## WORK REQUEST
Below are some records. Return exactly their lines from the one containing "BERRY HOP-2PC (SHIRT & DUPATTA)" through the one containing "A Natural Way", and drop the pictures.

## RECORDS
════════
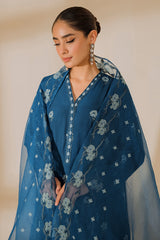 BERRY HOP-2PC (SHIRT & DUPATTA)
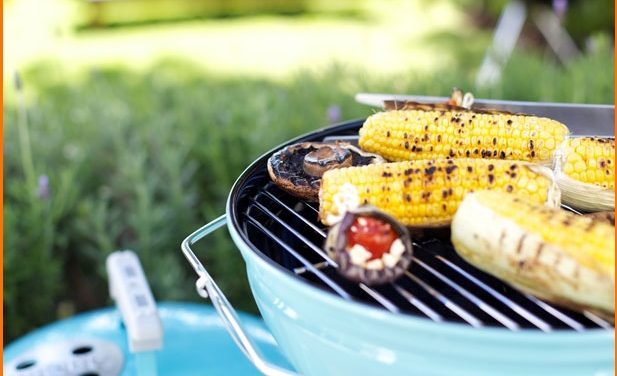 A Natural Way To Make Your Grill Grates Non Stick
════════
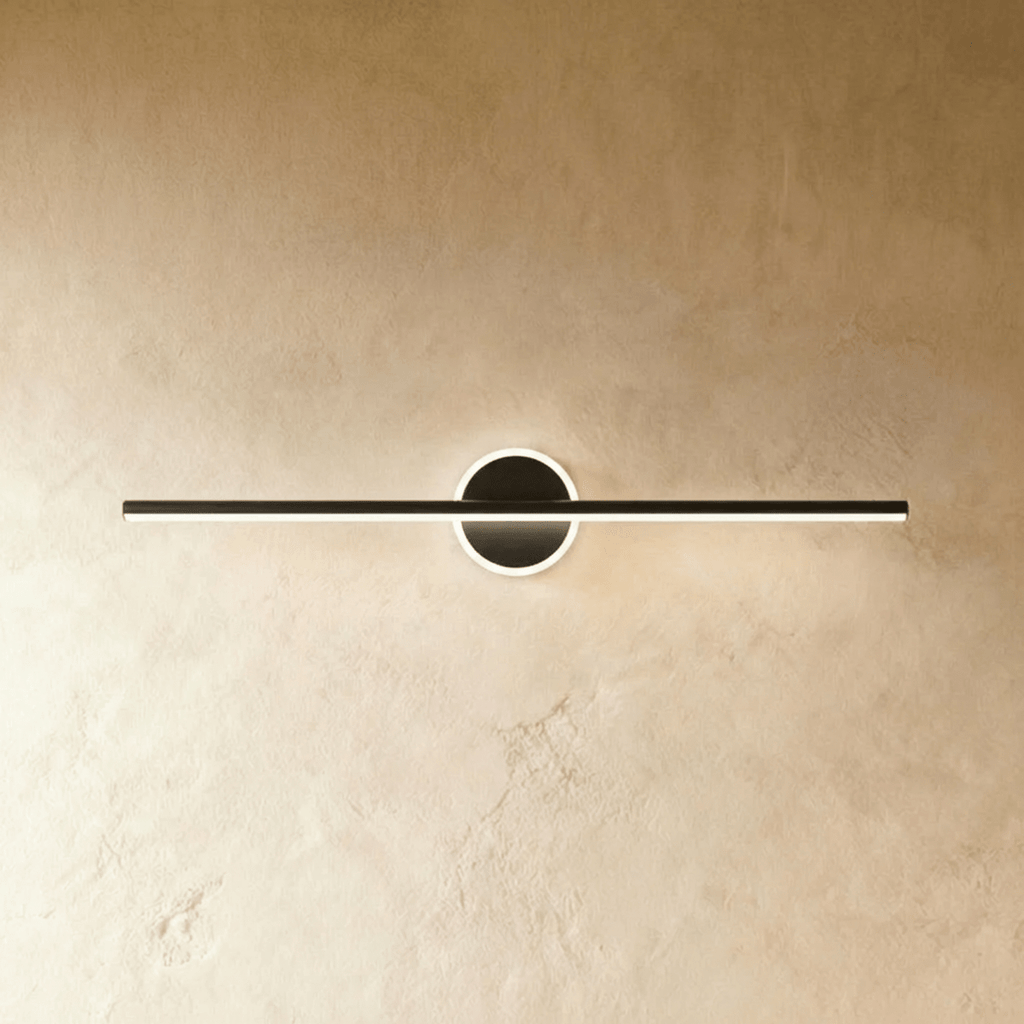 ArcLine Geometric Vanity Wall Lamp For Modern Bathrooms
════════
## EXERCISE OUTPUT
 BERRY HOP-2PC (SHIRT & DUPATTA)
 A Natural Way To Make Your Grill Grates Non Stick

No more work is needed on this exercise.